- INPUT DATA -
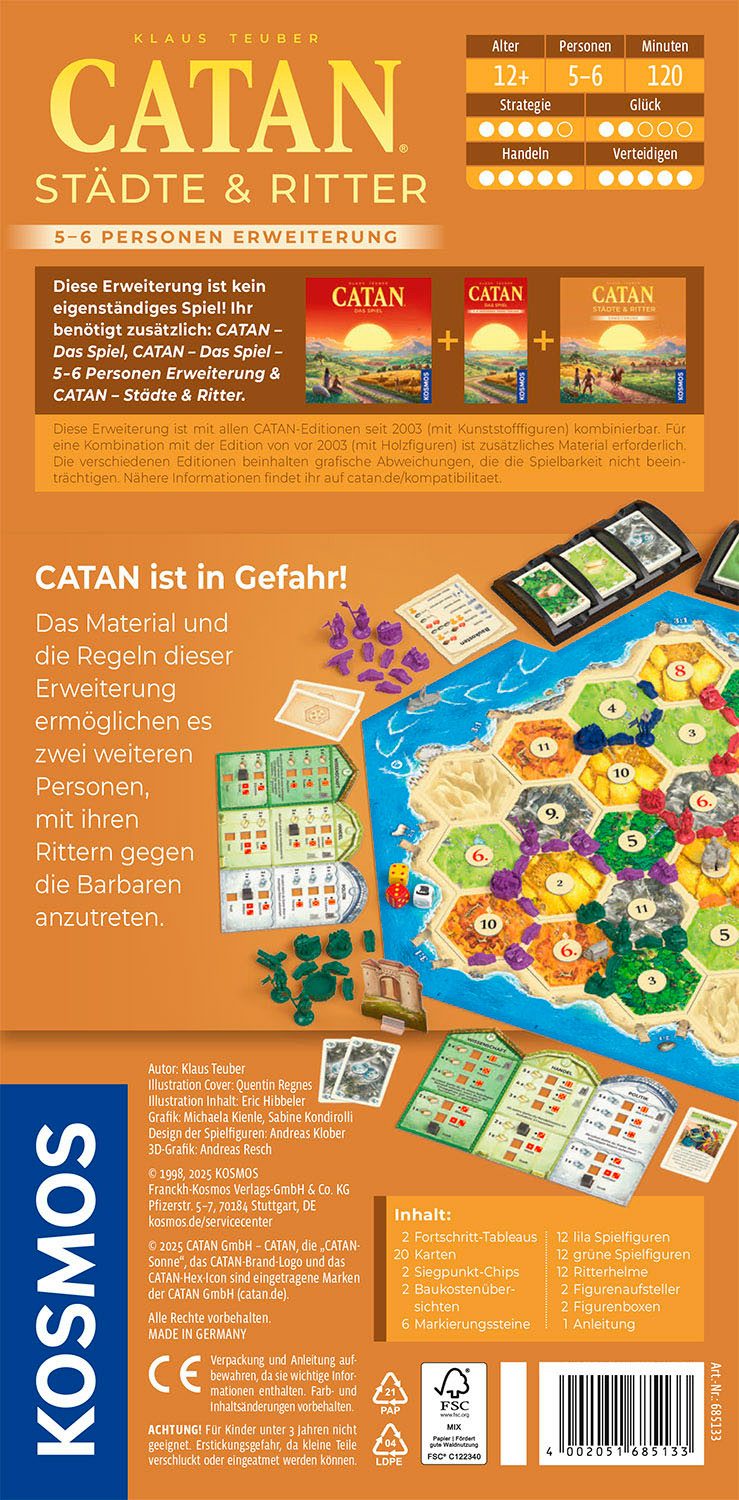 Kosmos Spiel CATAN Städte & Ritter, Strategiespiel, Made in Germany
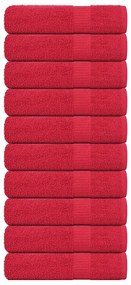 Toalhas de banho 10 pcs 100x150cm 360 gsm 100% algodão vermelho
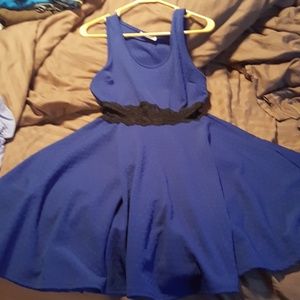 Blue dress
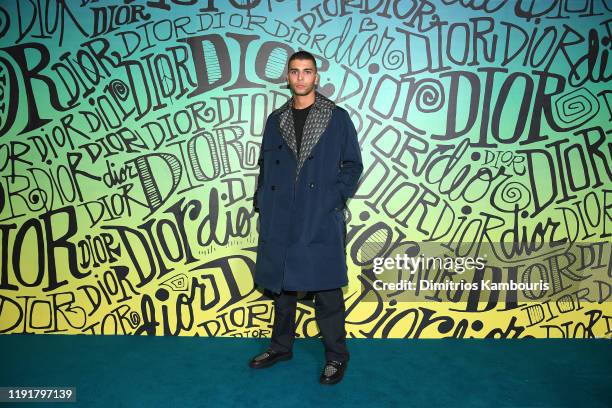 Younes Bendjima attends the Dior Men's Fall 2020 Runway Show on December 03, 2019 in Miami, Florida.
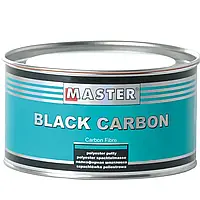 Шпаклевка с карбоновым волокном 1л (черный) "Black Carbon" MASTER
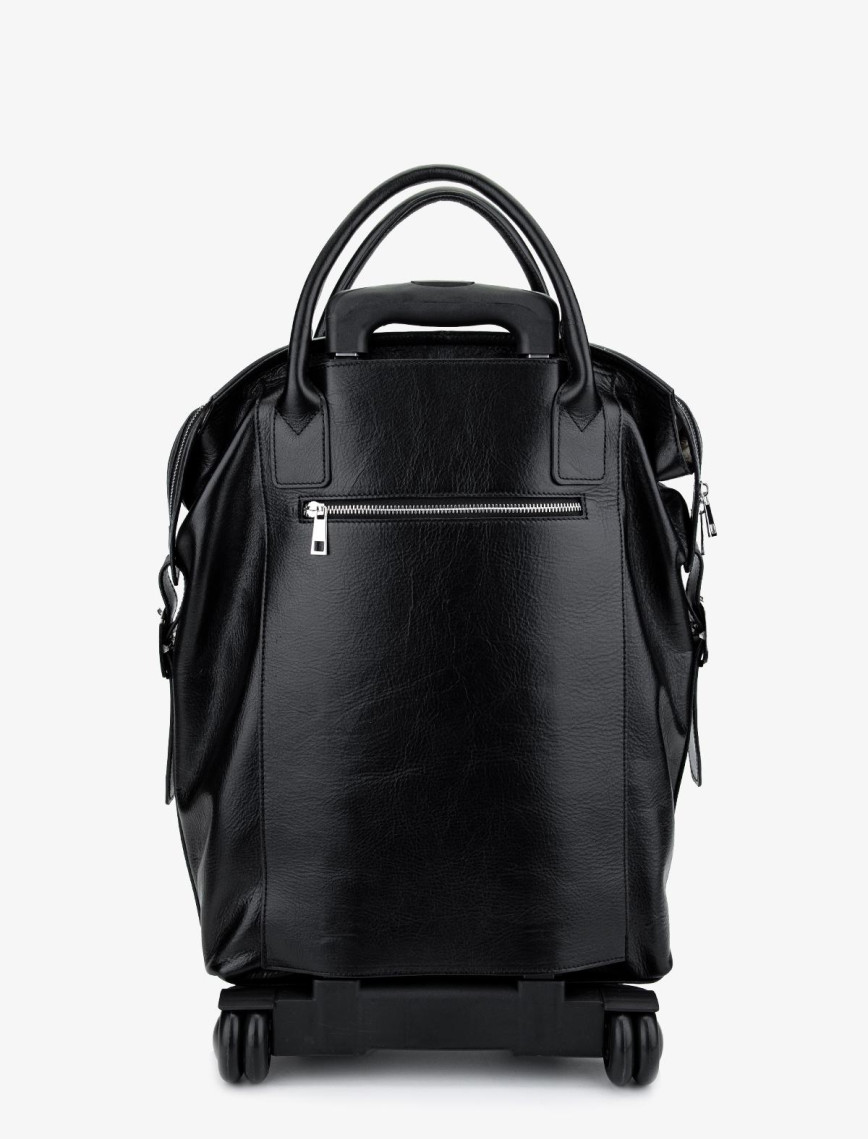 Valmenti Unisex Hakiki Deri Siyah Deri Valiz Valmenti Unisex Hakiki Deri Siyah Deri Valiz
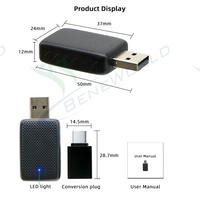 2025 vente chaude en gros bonne qualité adaptateur Carplay de voiture sans fil Android Auto AI Box avec WIFI pour l'électronique du véhicule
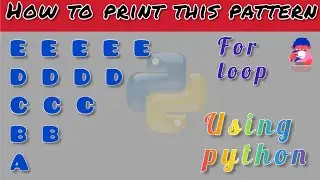how to print patterns in python using for loop @akprogrammingtutorials7491 @NewIdeasyt
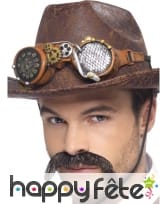 Lunettes latex steampunk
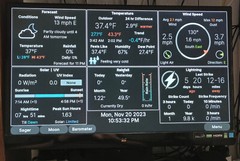Weather Display for WeatherFlow Tempest – Bring Your Own HDMI Display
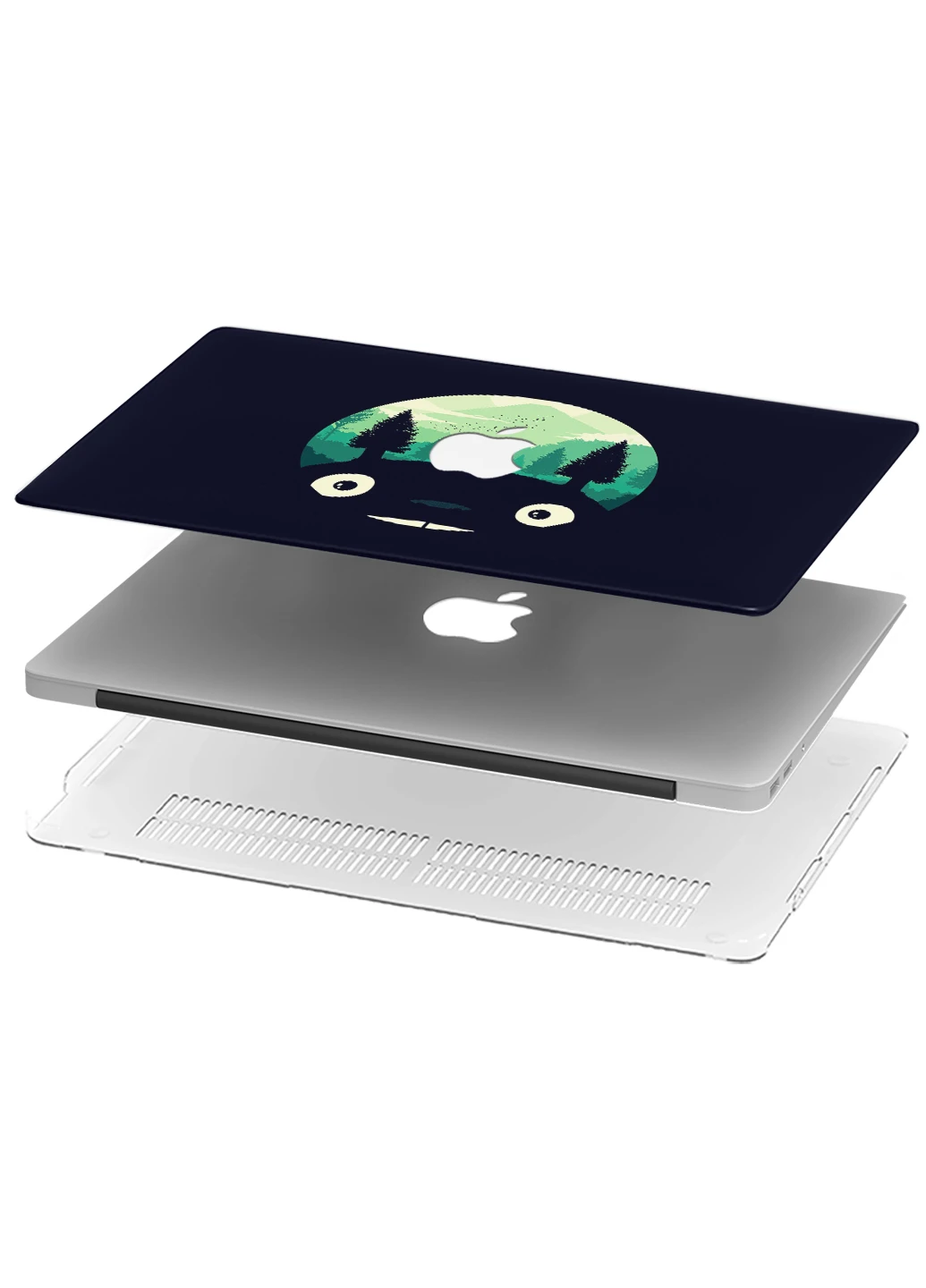 Чохол пластиковий для Apple MacBook Air 13 A1932 / A2179 / A2337 Мій сусід Тоторо (My Neighbor Totoro) (9656-1936) MobiPrint (218505485)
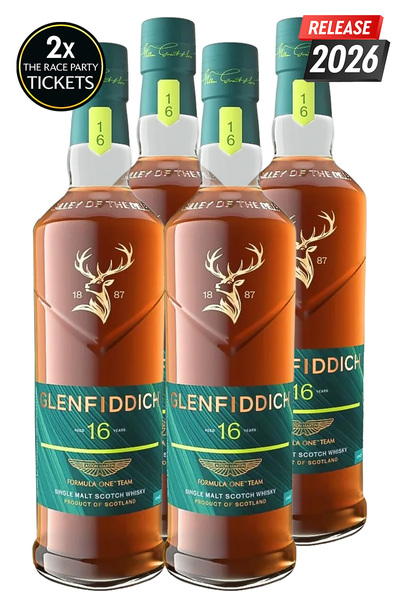 4x 2026 Glenfiddich & Aston Martin Formula One Team 16 Years Old Limited Edition Release No.2 700ml w/Gift Box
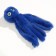 A toy for cats "octopuses" from artificial fur, up to 19 cm, blue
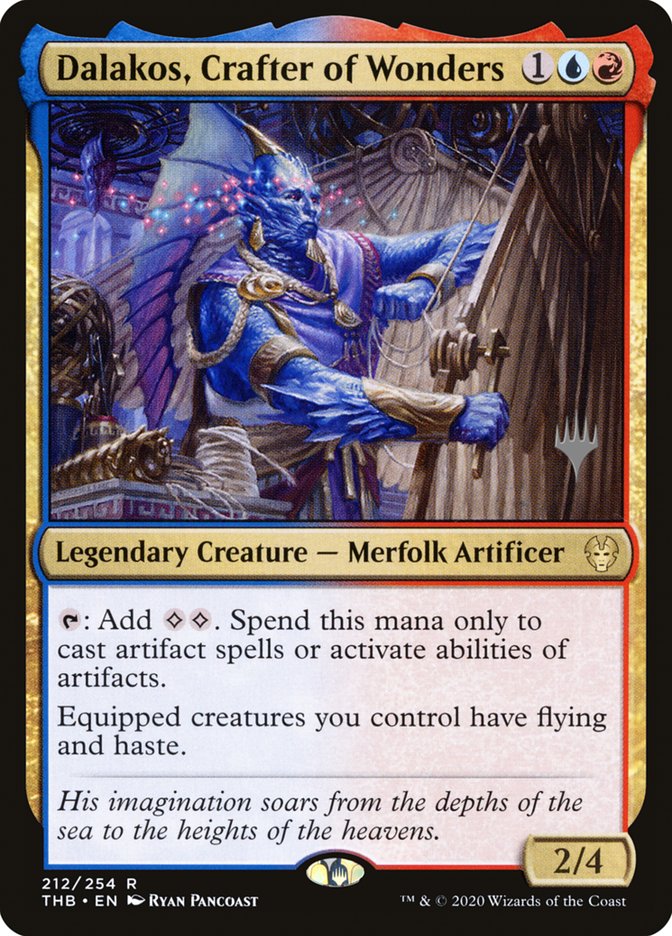 Dalakos, Crafter of Wonders (Promo Pack) [Theros Beyond Death Promos] | Gate City Games LLC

- REQUIRED WORK -
Output exactly the stretch of the listing that begins at the line containing "how to print" and ends at the line containing "Чохол пластиковий для", both kept. Omit pictures and everything else.

- RESPONSE FOR THIS EXERCISE -
how to print patterns in python using for loop @akprogrammingtutorials7491 @NewIdeasyt
 Lunettes latex steampunk
Weather Display for WeatherFlow Tempest – Bring Your Own HDMI Display
 Чохол пластиковий для Apple MacBook Air 13 A1932 / A2179 / A2337 Мій сусід Тоторо (My Neighbor Totoro) (9656-1936) MobiPrint (218505485)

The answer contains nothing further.